# EXERCISE
Without including any pictures, reproduce all the lines below word for word.

# SUPPLIED DATA

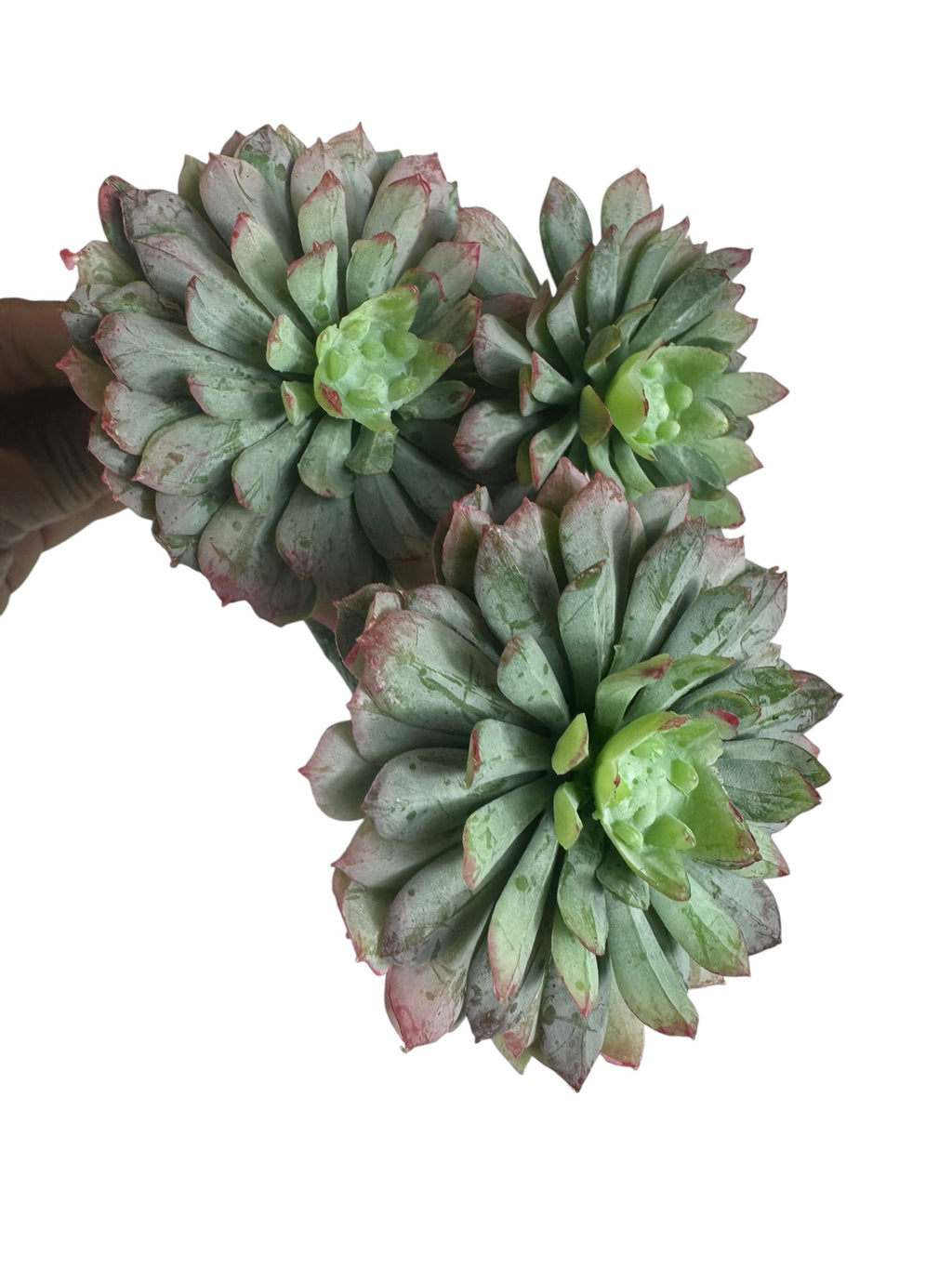 Artificial Bloom Echeveria succulent cluster with three sage green rosettes featuring dusty rose and burgundy tips.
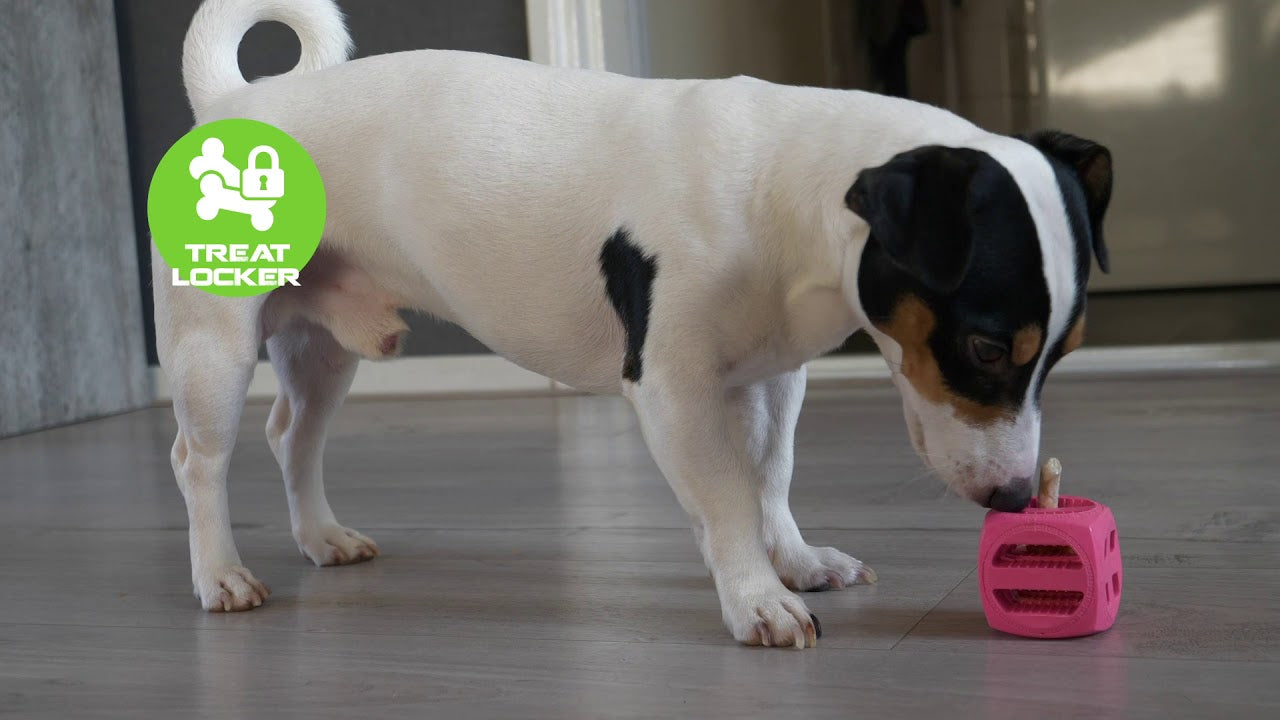 EAN:8716759573499 #3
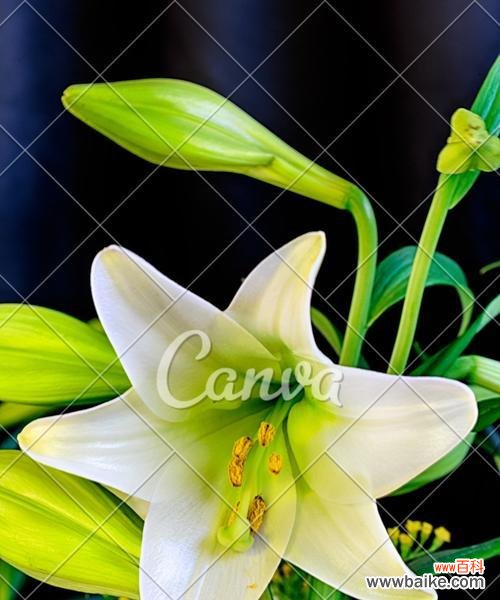 探索百合花的神秘意义与象征，传递真挚的情感 送百合花的含义及象征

# PROBLEM SOLUTION
 Artificial Bloom Echeveria succulent cluster with three sage green rosettes featuring dusty rose and burgundy tips.
 EAN:8716759573499 #3
 探索百合花的神秘意义与象征，传递真挚的情感 送百合花的含义及象征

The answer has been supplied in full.